Worries about terrorist attacks, both from international groups and Muslim separatists from western China, and about protests of any kind have prompted one of China’s broadest security clampdowns in years. The overall effect is that while Beijing looks cheerful, with colorful Olympic banners and new signs, the city feels tense.
Vehicle checkpoints ring Beijing and visa rules have been tightened to keep out foreign activists. Police have swept Beijing neighborhoods to remove Chinese who have come to the capital to complain about local government misdeeds, and known political critics and underground Christians have been told to leave.
But Liu Shaowu, director for security for the Beijing Olympic organizing committee, said Wednesday that areas in at least three public parks near outlying sporting venues have been set aside for use by demonstrators.

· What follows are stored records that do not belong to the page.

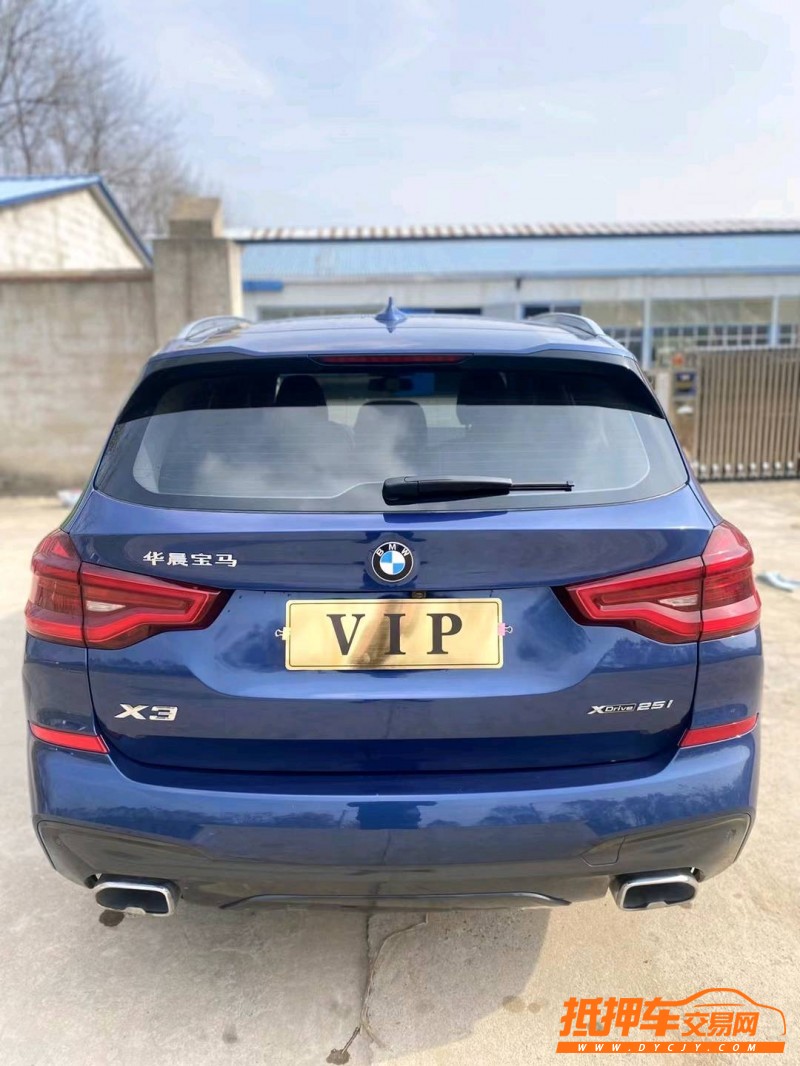 徐州20年宝马X33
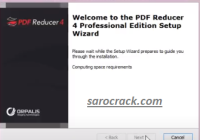 PDF reducer Crack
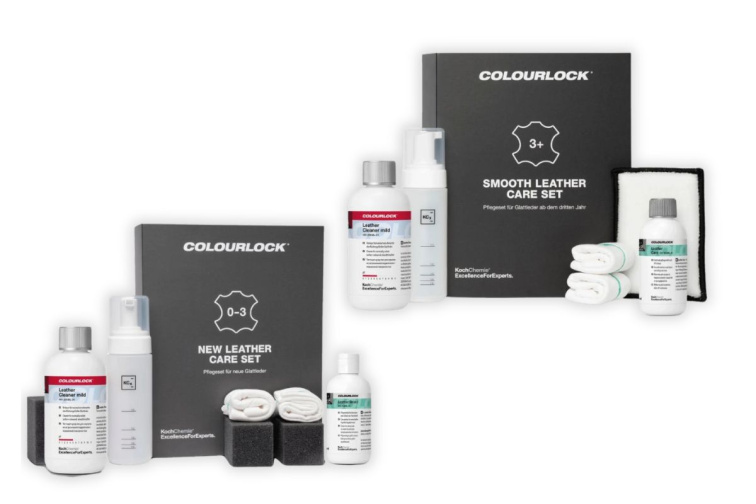 Colourlock značka kategorie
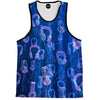 Deep Melody Tank Top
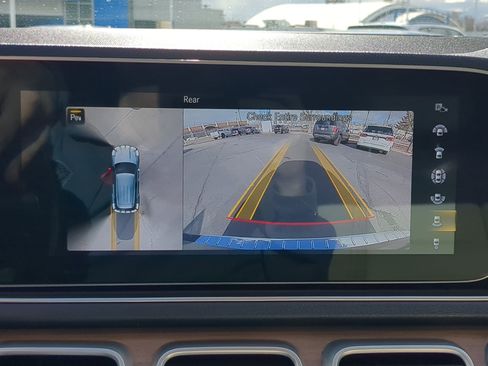 Used 2021 Mercedes-Benz GLE 350 4MATIC image 27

The remarks were the first public confirmation that Beijing may tolerate a modest amount of protest at an Olympics that the government hoped would be flawless, boosting its popularity at home and China’s image abroad.
“This will allow people to protest without disrupting the Olympics,” said Ni Jianping, director of the Shanghai Institute of American Studies, who lobbied Chinese leaders to set up the protest zones.
It was not clear how easy it would be to enter the zones. Liu and Beijing police would not say if special permission would be needed. A human-rights campaigner criticized the move as cosmetic, and Beijing has already refused visa requests for known foreign activists.
A Beijinger whose restaurant was demolished in the city’s Olympic makeover and who was jailed for trying to organize a protest, Ye Guozhu, was taken from the Chaobai Prison on Tuesday to an unknown location, four days before he was due to be released, the monitoring group Chinese Human Rights Defenders said Wednesday. Police in Ye’s old neighborhood said they were not aware of the case.
Liu, the security official, said police were trying to strike a balance between the need for safety and the desire for festiveness.
“We truly do want to preserve the festive and joyful atmosphere of the Olympic Venues,” Liu told a news conference. “At the same time we want to reduce the impact security has on daily life.”